Every year, though, there are fewer films cut from anything like the same cloth as Taxi Driver, The Godfather, Nashville, Annie Hall, A Clockwork Orange, and Chinatown—or any of a thousand more obscure, no-less inspired Golden Era titles: your Eraserheads, your Night of the Living Deads, your Chelsea Girls. And I know—I know—there’s been no paucity of mega-budget CGI extravaganzas in recent years making perfectly prominent critics jump out of their seats with glee and invent whole new vocabularies of superlatives to drive up the Metacritic and Rotten Tomatoes scores.  

But that fact begs a certain question:

Does anyone really think we’ll still be talking about Avatar twenty years from now?  

How about Gravity? Or Harry Potter and the Deathly Hallows? Or The Lord of the Rings?  Or Wall-E?  Or Iron Man? And lest I come off as a simple special-effects/summer-blockbuster hater, how many 21st-century American movies that seem, at first blush, cut from genuine Golden Era cloth do we really think will stand that same test of time? Winter’s Bone? Django Unchained? Sideways? The Hurt Locker? There Will Be Blood? 21 Grams? Borat? Black Swan? Midnight in Paris

Takers?  Anyone?  On twenty years from now?

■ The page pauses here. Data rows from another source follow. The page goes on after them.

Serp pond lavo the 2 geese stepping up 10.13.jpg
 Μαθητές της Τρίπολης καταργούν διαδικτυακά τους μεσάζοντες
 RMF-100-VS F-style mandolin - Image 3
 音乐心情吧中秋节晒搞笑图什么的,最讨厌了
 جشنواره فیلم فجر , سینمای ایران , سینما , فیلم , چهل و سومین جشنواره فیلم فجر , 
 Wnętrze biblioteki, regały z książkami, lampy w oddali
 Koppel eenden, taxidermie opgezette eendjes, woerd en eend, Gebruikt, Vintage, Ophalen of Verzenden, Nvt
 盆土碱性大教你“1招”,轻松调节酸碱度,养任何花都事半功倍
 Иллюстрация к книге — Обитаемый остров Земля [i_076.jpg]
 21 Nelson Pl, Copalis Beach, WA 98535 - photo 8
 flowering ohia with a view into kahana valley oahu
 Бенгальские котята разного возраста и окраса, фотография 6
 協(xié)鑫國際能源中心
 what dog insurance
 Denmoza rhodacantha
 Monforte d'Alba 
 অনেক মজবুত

Look: I’m not saying it means fire and brimstone that the era of the Hollywood feature film as art is ending. But maybe I’m saying it’s ending. And pretty rapidly, too. And it’s rarely clearer than when a once-major artist like Martin Scorsese drops a stink bomb like The Wolf of Wall Street.

Is some other cultural form going to step up to provide art for the masses?

Don’t look to pop music: unless it’s Justin Bieber's we’re talking about, there are no mass audiences anymore.

Don’t look to the American novel: a few strong 21st-century efforts by Toni Morrison and Jonathan Franzen aside, its best days look to be gone. Besides which, how many Americans still read? Anything?

Could it be we’re simply evolving out of our need for art, now that so much of what happens in “reality” gets sucked up instantly into the Screenland we used to go to for art?

(Wasn't the painted canvas always a "screen"? Wasn't the stage? The printed page?)

For better or worse, we seem poised to find out.